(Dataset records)
★ ★ ★ ★

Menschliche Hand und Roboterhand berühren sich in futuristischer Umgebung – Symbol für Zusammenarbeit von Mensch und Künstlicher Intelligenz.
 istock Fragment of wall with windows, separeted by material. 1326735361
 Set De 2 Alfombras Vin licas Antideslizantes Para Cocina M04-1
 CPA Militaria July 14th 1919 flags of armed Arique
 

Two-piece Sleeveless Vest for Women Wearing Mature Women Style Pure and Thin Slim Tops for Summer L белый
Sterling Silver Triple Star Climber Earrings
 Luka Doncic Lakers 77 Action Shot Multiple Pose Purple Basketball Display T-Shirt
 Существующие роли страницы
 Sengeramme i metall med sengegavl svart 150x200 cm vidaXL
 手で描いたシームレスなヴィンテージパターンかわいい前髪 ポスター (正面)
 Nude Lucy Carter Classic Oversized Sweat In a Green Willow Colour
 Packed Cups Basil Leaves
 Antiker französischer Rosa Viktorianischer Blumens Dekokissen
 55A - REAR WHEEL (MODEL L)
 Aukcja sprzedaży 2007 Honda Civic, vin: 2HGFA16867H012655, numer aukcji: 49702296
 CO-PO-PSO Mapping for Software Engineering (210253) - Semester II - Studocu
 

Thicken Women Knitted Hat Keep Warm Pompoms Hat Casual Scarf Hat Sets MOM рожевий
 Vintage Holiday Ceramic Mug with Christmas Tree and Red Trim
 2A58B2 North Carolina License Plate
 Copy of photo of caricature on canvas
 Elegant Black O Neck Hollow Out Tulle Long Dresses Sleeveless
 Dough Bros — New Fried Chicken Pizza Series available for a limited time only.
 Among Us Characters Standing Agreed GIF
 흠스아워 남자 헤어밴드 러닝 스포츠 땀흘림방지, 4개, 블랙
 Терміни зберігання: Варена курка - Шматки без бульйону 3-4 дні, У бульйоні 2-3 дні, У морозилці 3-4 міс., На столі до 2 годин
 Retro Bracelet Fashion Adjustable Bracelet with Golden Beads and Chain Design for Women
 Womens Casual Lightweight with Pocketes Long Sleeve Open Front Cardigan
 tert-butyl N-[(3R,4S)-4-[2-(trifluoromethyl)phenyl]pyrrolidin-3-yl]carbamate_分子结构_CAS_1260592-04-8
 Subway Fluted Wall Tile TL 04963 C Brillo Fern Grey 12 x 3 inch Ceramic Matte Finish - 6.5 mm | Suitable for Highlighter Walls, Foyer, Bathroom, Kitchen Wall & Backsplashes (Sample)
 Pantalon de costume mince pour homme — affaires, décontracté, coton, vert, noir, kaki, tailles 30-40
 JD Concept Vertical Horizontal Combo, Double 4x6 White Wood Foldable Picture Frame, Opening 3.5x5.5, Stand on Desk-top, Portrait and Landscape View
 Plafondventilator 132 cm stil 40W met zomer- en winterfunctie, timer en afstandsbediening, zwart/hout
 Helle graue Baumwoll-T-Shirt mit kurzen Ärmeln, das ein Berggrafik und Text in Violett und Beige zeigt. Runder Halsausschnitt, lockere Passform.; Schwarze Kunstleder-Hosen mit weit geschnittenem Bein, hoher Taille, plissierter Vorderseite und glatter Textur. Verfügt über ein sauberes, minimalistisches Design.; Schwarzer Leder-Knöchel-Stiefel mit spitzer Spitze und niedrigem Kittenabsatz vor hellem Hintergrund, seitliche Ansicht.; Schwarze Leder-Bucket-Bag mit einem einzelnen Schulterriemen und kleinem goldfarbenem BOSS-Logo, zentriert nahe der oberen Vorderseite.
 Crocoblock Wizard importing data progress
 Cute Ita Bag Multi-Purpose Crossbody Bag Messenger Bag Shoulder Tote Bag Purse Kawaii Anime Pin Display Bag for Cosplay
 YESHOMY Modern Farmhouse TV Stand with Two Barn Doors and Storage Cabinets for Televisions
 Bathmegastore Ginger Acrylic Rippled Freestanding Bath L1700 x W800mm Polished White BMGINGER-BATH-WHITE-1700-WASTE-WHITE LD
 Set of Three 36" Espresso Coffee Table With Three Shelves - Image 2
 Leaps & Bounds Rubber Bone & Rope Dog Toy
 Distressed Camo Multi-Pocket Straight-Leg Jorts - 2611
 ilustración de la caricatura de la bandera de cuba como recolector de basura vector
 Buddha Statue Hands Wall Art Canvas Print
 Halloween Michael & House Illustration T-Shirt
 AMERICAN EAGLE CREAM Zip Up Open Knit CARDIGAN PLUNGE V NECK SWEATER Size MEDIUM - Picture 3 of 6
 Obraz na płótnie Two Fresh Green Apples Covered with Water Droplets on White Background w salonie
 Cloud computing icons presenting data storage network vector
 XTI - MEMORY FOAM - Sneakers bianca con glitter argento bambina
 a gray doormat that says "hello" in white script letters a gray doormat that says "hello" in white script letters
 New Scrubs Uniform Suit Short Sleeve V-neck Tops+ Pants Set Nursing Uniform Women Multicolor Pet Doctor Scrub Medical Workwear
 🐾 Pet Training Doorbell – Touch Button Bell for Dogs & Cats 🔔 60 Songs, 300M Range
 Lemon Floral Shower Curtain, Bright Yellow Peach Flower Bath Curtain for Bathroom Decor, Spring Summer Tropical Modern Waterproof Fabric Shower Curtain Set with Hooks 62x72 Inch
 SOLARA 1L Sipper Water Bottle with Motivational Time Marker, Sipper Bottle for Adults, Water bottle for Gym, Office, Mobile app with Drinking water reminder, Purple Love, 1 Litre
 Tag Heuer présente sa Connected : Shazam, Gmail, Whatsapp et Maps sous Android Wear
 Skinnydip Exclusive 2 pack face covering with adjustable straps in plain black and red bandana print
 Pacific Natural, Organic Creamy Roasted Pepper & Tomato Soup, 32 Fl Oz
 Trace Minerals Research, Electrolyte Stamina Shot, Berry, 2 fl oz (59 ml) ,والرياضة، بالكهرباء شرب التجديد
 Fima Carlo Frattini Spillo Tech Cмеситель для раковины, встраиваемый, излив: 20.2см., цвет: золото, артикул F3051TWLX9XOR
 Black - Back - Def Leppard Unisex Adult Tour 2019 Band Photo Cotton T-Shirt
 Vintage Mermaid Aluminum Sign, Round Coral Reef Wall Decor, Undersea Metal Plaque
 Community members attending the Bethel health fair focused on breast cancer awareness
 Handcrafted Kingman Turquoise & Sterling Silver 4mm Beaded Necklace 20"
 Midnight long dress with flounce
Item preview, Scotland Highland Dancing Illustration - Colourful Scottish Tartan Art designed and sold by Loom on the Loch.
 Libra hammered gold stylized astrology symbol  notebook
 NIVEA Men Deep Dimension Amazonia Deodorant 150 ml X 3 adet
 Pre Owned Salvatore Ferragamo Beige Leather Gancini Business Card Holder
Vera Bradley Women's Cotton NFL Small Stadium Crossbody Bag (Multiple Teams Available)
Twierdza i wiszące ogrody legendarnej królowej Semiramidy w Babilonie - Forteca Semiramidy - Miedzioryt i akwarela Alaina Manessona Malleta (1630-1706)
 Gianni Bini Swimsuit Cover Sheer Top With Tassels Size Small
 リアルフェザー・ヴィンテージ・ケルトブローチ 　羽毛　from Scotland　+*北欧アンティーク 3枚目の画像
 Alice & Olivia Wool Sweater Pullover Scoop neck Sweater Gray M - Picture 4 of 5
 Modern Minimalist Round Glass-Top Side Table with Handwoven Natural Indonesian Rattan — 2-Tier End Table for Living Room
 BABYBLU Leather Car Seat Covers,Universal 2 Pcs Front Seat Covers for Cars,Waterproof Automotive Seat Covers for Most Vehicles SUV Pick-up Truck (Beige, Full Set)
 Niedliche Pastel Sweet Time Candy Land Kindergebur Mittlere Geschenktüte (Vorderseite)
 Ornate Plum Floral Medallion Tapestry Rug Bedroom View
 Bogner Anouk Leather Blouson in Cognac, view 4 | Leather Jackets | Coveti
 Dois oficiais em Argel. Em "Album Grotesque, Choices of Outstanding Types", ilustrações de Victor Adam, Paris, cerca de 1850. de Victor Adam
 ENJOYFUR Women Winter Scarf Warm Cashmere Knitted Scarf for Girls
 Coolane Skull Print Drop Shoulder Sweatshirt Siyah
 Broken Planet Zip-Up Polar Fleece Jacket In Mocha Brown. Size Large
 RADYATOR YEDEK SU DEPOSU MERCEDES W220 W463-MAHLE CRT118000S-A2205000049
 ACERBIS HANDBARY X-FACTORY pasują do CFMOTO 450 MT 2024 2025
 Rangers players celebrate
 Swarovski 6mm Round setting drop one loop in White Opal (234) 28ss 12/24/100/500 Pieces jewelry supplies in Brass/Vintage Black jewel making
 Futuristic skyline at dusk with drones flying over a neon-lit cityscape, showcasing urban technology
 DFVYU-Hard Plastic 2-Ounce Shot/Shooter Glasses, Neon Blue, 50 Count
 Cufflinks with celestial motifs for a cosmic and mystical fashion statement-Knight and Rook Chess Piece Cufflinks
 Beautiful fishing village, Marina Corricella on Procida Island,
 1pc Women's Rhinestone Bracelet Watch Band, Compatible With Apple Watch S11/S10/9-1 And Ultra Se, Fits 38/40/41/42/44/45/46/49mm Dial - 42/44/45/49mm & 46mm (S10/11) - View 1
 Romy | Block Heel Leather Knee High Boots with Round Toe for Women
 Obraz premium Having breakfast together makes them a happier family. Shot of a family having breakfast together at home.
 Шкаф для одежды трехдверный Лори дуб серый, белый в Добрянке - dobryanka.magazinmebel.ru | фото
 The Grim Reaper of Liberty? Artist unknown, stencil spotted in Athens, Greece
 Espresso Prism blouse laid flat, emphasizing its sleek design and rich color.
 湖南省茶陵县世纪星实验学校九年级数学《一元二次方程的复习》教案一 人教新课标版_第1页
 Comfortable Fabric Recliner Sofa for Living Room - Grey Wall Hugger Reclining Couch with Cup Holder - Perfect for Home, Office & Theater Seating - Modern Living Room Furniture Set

★ ★ ★ ★

◆ **What you should do**
Lines from the top of the entries above to the line that contains "Antiker französischer Rosa" should be set down exactly, please, with both ends kept and nothing added.

◆ **Task solution**
Menschliche Hand und Roboterhand berühren sich in futuristischer Umgebung – Symbol für Zusammenarbeit von Mensch und Künstlicher Intelligenz.
 istock Fragment of wall with windows, separeted by material. 1326735361
 Set De 2 Alfombras Vin licas Antideslizantes Para Cocina M04-1
 CPA Militaria July 14th 1919 flags of armed Arique
 

Two-piece Sleeveless Vest for Women Wearing Mature Women Style Pure and Thin Slim Tops for Summer L белый
Sterling Silver Triple Star Climber Earrings
 Luka Doncic Lakers 77 Action Shot Multiple Pose Purple Basketball Display T-Shirt
 Существующие роли страницы
 Sengeramme i metall med sengegavl svart 150x200 cm vidaXL
 手で描いたシームレスなヴィンテージパターンかわいい前髪 ポスター (正面)
 Nude Lucy Carter Classic Oversized Sweat In a Green Willow Colour
 Packed Cups Basil Leaves
 Antiker französischer Rosa Viktorianischer Blumens Dekokissen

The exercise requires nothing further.